Work item. The entries that follow need to be printed exactly as they are, minus any pictures.

Crawled caption data:
■ ■ ■ ■ ■

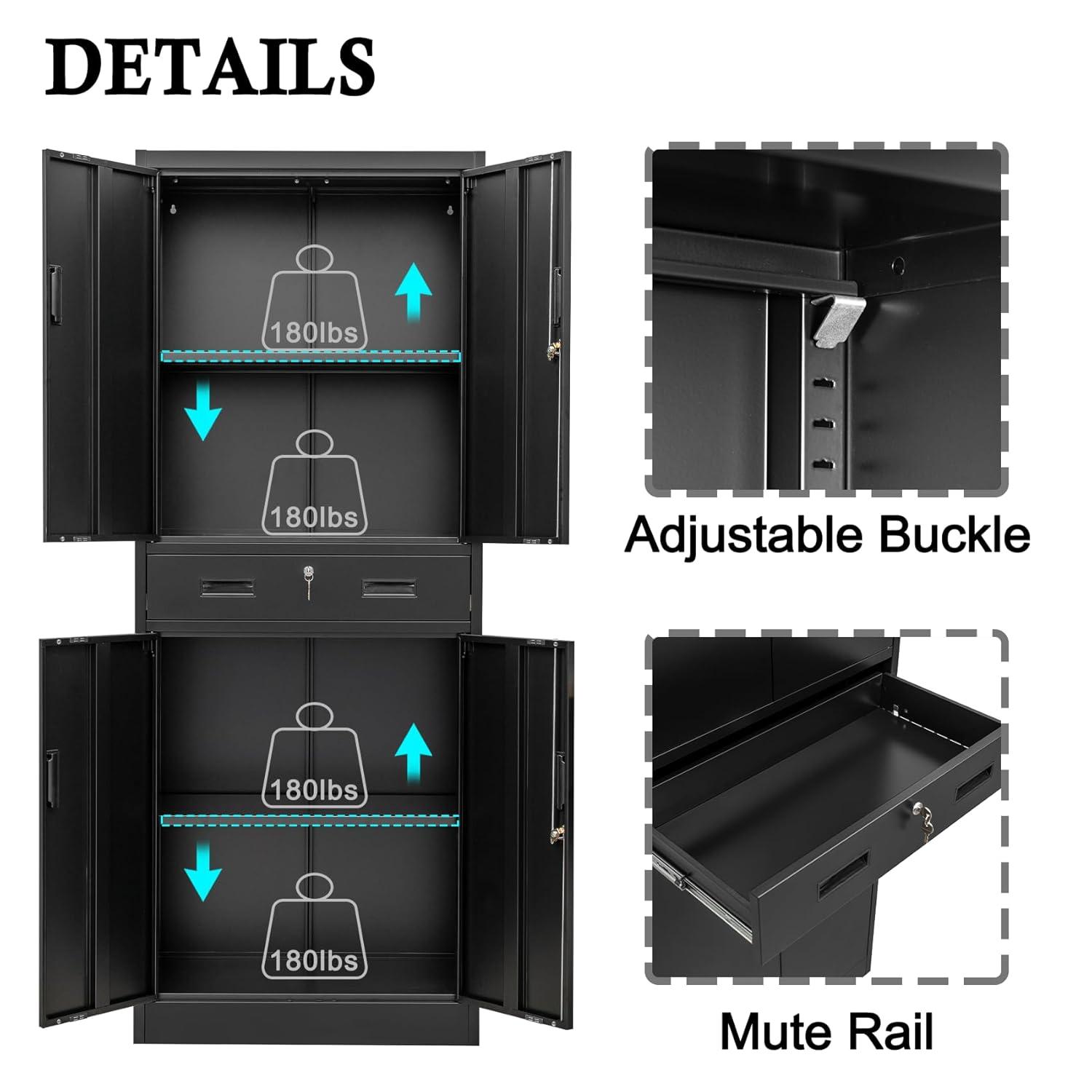 Metal Storage Cabinets with Drawer and Adjustable Shelves, Lockable Storage Cabinet for Pantry Home Office Garage Kitchen Living Dining Room (Black)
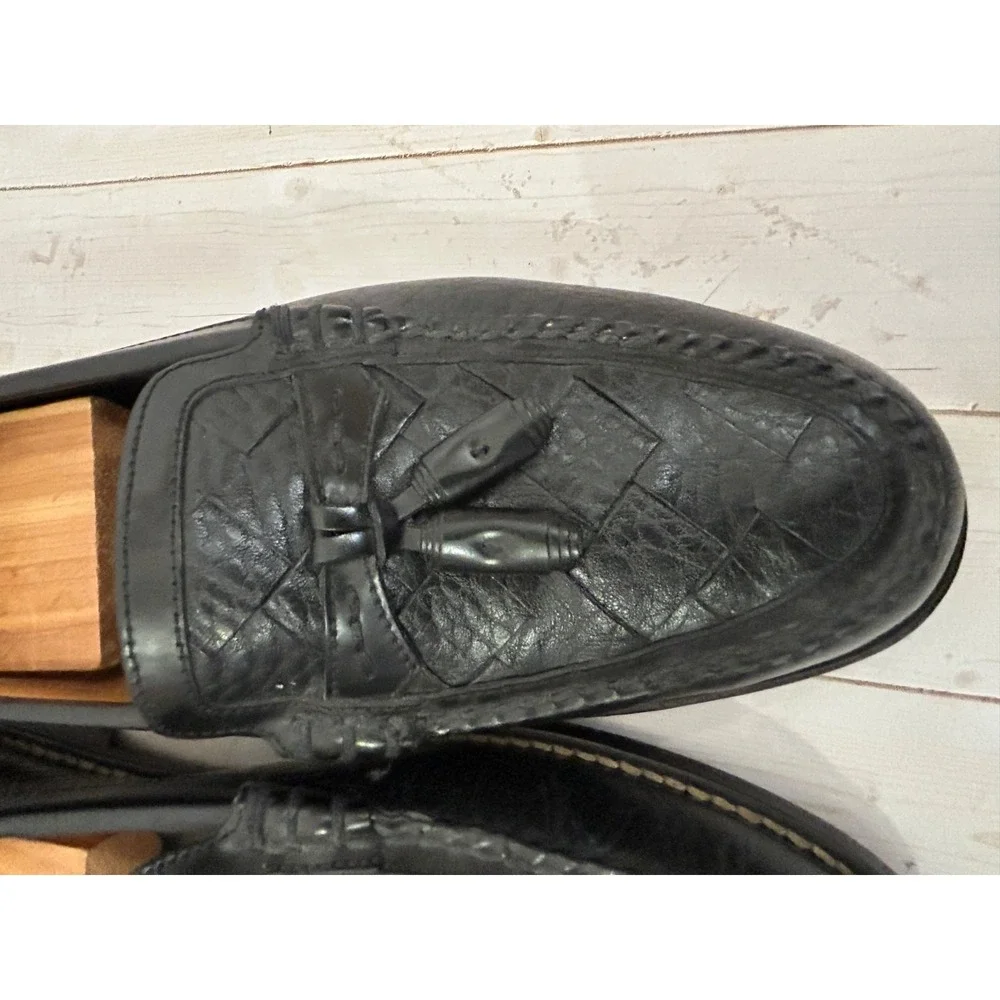 H.S. TRASK Men's Black Leather Basket Weave Tassel Loafer Slip On Size 9.5‎ M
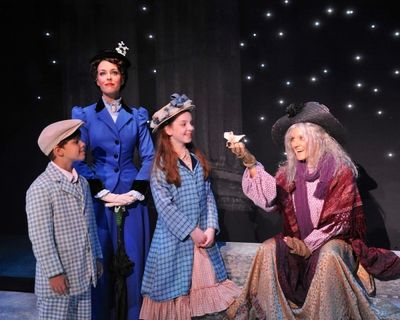 Lauren Blackman (as Mary Poppins), Gabriel Reis and Michelle Moughan (as Michael and  Photo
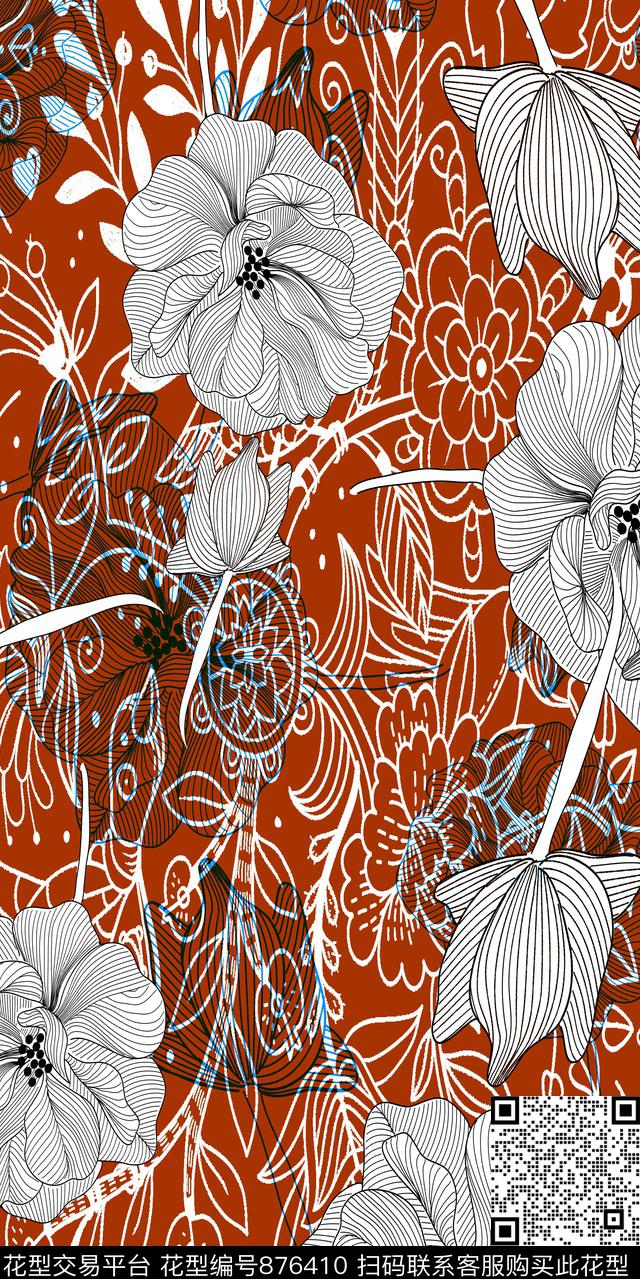 几何黑白花纹数码印花华亿平台下载（图片编号: 876410） - 瓦栏（Walan）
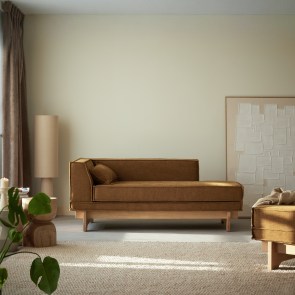 Miu - Chaise longue de roble macizo y tejido ocre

■ ■ ■ ■ ■

Task output.
 Metal Storage Cabinets with Drawer and Adjustable Shelves, Lockable Storage Cabinet for Pantry Home Office Garage Kitchen Living Dining Room (Black)
 H.S. TRASK Men's Black Leather Basket Weave Tassel Loafer Slip On Size 9.5‎ M
 Lauren Blackman (as Mary Poppins), Gabriel Reis and Michelle Moughan (as Michael and  Photo
 几何黑白花纹数码印花华亿平台下载（图片编号: 876410） - 瓦栏（Walan）
 Miu - Chaise longue de roble macizo y tejido ocre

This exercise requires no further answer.